Earlier, in Dec. last year, as the domestic stock market surged, a mishap occurred in which KOSPI blue chips, including SK hynix, were successively designated as investment warning issues.
In fact, cases designated as market alert issues are also rapidly increasing this year. From Jan. 1 to Apr. 24 this year, there were 376 designations in the KOSPI market as investment caution, investment risk, or investment warning issues. That is a 135% surge from last year's 160 cases. The KOSDAQ market also rose 118%, from 698 last year to 1,523 this year.
After SK hynix was designated as an investment warning issue last year, the exchange believed that improvements to the market alert system were necessary and has been reviewing reforms. It explained that easing the 100% initial margin collection rule is part of that effort.
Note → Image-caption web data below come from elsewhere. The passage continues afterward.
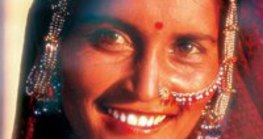 Indiai (hindu) nő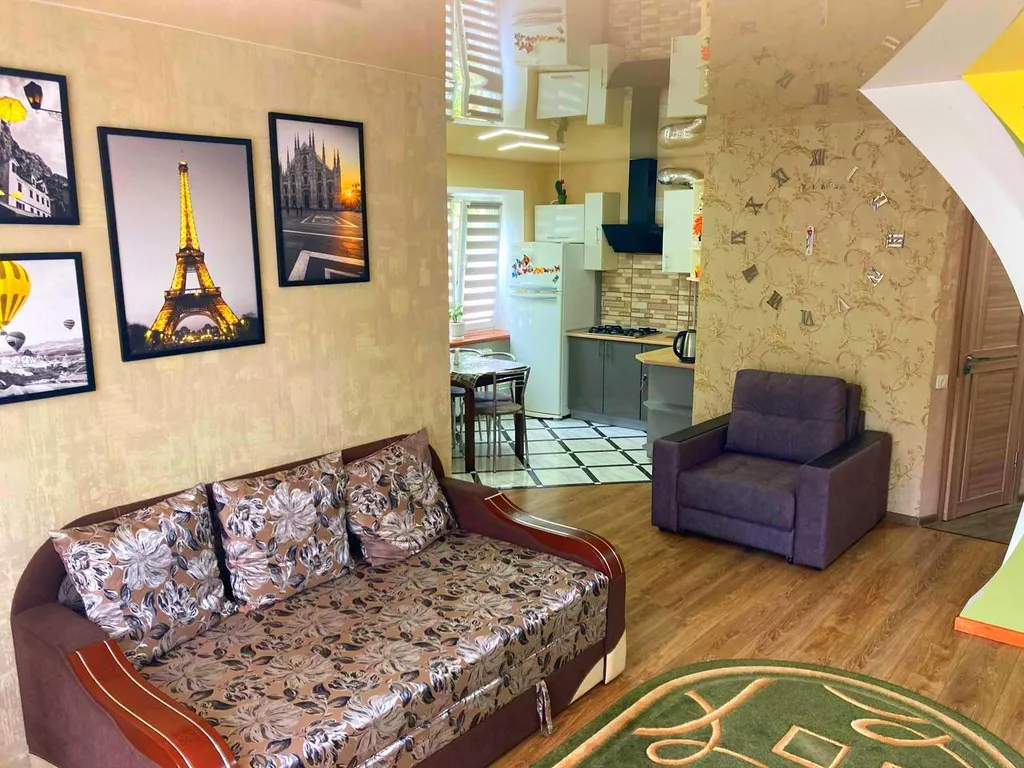 Студия у моря в центре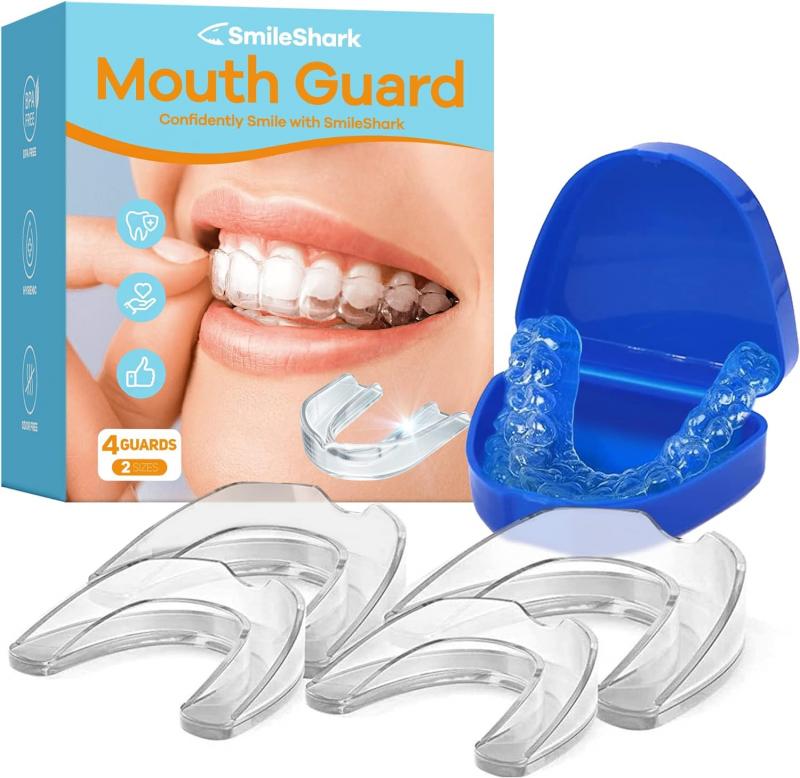 Tired Of Ill-Fitting Mouthguards. : Discover The Instant Comfort Of InstaFit Mouthguards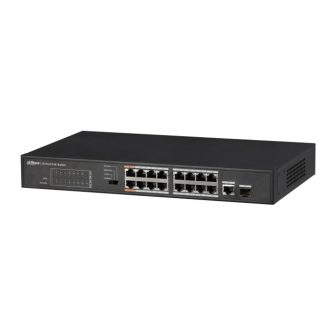 Dahua Technology PFS3117-16ET-135 switch No administrado L2 Fast…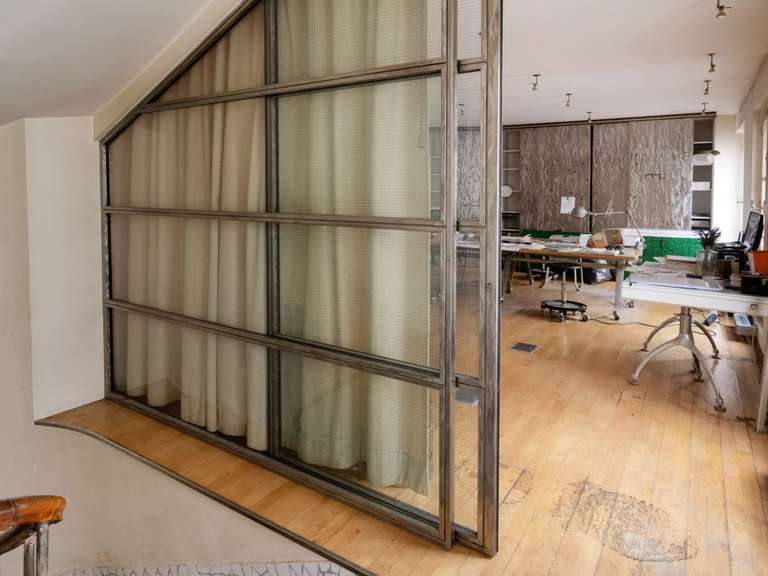 Appartement Paris 7e - 4 chambres - 202m²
However, there is considerable concern about uniformly easing the 100% initial margin collection rule not only for the KOSPI but also for the KOSDAQ market. Because many KOSDAQ issues have small market capitalizations, their share prices are more volatile, and investment risk may be higher than for companies listed on the KOSPI.
In response, the exchange said that for issues deemed highly risky, securities firms can independently set higher initial margins, and sanctions such as bans on margin trading or disallowing substitute collateral will remain in place. The intent is to relax regulations while leaving in place securities firms' autonomous risk management framework.
An exchange official said, "While there are elements regulated by the exchange for issues designated under the market alert system, securities firms are already collecting initial margins at high rates on issues they independently deem risky."
Meanwhile, the exchange will gather opinions on the rule amendments through the 30th. The effective date has not been set precisely, but implementation could begin as early as May.